▶ Task brief
Print the first line of the records below and every line after it, up to and including the line with "Minimalab 簡易日常纖薄護腕 黑色, 4個". Print nothing else.

Data extract Block Start

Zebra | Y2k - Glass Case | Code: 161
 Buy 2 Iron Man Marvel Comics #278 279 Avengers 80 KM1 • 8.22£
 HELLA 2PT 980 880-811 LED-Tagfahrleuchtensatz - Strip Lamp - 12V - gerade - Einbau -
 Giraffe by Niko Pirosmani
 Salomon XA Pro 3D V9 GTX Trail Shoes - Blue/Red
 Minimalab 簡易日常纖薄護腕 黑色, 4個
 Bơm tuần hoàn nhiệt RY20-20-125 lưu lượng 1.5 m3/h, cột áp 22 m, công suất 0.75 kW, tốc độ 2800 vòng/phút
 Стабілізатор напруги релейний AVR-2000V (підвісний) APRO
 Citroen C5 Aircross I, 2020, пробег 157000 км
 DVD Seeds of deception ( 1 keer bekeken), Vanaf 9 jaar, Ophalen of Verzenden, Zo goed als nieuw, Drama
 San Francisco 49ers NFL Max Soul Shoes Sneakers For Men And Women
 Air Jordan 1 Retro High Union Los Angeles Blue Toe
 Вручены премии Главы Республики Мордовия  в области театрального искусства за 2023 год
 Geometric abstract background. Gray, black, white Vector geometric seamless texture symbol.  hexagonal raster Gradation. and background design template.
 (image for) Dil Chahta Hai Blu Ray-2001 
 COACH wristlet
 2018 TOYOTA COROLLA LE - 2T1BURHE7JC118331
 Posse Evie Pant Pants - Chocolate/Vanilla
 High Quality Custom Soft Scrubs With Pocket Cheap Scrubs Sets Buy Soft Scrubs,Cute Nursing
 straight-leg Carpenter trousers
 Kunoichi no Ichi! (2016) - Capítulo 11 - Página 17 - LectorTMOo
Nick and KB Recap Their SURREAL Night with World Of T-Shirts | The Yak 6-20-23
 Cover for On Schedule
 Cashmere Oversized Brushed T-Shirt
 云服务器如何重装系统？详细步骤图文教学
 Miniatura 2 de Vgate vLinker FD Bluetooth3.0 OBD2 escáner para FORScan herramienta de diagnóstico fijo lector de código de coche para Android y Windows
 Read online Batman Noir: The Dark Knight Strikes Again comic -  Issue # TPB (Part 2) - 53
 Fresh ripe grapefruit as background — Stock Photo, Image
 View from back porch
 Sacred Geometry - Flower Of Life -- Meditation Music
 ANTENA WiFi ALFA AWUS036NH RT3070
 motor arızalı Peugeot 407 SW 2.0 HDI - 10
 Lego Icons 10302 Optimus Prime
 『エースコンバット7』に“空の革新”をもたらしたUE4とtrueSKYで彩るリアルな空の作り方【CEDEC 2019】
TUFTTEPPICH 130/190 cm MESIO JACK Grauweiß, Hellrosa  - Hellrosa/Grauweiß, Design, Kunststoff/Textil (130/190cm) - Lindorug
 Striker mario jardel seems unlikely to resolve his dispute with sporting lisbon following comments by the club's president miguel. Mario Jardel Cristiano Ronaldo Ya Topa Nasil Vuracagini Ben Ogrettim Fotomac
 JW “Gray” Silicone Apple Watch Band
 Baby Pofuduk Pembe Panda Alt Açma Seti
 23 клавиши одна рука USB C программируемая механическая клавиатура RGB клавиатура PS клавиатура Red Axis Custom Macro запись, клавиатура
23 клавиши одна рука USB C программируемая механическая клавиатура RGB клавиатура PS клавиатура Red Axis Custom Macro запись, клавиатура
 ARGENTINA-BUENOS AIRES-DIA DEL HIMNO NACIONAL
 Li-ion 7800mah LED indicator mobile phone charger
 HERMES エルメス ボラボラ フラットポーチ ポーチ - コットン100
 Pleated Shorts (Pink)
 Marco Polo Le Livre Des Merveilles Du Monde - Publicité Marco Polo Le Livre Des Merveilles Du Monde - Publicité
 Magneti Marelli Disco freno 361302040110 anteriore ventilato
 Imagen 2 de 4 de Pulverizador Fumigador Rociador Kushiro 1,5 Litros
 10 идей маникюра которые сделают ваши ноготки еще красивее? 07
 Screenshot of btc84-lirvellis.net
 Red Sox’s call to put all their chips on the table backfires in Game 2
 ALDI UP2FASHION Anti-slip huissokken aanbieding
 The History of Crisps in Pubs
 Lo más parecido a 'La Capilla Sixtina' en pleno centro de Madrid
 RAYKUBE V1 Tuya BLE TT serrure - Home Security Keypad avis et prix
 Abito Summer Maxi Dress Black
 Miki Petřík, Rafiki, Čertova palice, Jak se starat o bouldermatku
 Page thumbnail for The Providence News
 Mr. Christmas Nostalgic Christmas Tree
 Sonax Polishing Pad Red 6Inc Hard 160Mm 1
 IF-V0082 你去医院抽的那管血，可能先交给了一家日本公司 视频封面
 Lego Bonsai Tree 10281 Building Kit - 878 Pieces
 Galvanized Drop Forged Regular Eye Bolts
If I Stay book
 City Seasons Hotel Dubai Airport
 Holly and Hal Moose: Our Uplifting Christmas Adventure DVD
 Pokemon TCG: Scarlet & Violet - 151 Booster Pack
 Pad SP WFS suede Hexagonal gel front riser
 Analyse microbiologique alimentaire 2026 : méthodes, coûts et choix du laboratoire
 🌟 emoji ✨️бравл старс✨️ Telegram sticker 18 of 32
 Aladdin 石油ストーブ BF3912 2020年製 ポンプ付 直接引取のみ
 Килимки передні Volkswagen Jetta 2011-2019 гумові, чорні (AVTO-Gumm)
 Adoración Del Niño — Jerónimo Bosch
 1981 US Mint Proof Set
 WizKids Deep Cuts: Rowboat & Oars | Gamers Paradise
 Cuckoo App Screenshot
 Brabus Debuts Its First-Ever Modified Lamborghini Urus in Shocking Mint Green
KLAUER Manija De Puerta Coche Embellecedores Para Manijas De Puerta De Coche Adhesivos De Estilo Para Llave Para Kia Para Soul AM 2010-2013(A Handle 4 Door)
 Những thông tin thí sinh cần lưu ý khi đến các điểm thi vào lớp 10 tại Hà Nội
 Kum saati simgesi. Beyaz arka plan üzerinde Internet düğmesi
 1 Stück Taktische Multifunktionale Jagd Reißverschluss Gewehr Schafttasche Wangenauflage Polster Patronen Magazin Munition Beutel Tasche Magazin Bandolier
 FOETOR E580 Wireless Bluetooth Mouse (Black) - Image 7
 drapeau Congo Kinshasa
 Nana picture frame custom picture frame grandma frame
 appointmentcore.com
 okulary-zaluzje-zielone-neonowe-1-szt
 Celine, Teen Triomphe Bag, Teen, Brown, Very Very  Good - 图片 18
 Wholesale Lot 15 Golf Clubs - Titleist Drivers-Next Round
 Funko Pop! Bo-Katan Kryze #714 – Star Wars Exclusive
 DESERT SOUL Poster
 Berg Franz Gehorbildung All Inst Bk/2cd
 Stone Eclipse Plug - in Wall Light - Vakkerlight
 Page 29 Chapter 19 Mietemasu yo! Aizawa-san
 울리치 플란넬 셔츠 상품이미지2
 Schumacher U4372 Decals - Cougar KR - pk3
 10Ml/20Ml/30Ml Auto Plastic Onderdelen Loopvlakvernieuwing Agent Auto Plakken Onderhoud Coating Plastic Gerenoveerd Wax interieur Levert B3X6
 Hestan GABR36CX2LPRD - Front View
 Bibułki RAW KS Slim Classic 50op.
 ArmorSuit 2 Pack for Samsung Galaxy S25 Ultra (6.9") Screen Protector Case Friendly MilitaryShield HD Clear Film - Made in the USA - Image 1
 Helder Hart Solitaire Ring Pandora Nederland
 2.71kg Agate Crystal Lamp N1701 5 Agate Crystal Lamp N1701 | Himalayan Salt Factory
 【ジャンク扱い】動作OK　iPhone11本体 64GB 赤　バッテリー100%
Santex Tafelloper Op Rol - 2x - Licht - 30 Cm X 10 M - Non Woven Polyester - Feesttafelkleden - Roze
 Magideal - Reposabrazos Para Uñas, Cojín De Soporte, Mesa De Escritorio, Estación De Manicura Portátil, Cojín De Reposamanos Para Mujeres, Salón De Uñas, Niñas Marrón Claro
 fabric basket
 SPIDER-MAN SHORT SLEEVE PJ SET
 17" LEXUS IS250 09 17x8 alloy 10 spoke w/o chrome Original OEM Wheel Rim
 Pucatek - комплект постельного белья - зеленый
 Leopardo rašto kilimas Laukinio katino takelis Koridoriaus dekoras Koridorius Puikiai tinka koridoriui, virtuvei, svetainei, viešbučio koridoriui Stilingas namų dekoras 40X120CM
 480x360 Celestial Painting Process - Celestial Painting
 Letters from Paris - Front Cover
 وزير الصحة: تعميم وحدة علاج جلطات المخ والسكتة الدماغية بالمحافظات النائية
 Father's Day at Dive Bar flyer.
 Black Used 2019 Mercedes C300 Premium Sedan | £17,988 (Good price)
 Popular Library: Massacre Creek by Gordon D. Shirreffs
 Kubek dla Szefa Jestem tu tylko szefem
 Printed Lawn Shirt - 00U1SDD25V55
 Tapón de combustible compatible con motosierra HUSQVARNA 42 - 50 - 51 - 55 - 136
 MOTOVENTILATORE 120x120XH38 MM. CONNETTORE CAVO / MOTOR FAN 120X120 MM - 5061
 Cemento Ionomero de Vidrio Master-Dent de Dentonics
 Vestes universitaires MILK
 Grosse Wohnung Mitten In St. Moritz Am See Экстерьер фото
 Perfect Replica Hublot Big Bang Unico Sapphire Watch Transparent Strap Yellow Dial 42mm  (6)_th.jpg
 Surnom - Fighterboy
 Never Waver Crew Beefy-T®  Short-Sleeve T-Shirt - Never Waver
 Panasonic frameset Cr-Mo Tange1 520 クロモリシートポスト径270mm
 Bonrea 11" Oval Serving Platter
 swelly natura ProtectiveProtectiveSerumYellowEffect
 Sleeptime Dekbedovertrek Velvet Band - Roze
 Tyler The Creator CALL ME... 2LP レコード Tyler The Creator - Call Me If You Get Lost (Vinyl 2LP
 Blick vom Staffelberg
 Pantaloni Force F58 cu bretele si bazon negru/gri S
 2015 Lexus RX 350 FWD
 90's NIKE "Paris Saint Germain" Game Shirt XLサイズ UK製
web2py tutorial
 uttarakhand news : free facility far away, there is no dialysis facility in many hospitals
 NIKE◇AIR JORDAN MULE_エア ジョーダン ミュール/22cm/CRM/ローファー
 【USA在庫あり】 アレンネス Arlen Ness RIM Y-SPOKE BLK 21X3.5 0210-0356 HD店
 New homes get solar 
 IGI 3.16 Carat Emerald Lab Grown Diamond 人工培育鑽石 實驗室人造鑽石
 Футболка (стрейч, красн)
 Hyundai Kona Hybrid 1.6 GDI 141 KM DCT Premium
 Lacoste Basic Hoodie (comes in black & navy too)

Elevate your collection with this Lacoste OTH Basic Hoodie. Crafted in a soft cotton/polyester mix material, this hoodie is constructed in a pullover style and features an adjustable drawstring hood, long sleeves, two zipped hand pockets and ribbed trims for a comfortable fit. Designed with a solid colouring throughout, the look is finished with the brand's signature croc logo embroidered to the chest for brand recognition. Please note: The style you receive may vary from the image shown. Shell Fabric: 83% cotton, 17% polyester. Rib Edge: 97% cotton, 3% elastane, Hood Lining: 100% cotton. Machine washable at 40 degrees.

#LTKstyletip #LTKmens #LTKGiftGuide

Data extract Block End

▶ Answer to this exercise
Zebra | Y2k - Glass Case | Code: 161
 Buy 2 Iron Man Marvel Comics #278 279 Avengers 80 KM1 • 8.22£
 HELLA 2PT 980 880-811 LED-Tagfahrleuchtensatz - Strip Lamp - 12V - gerade - Einbau -
 Giraffe by Niko Pirosmani
 Salomon XA Pro 3D V9 GTX Trail Shoes - Blue/Red
 Minimalab 簡易日常纖薄護腕 黑色, 4個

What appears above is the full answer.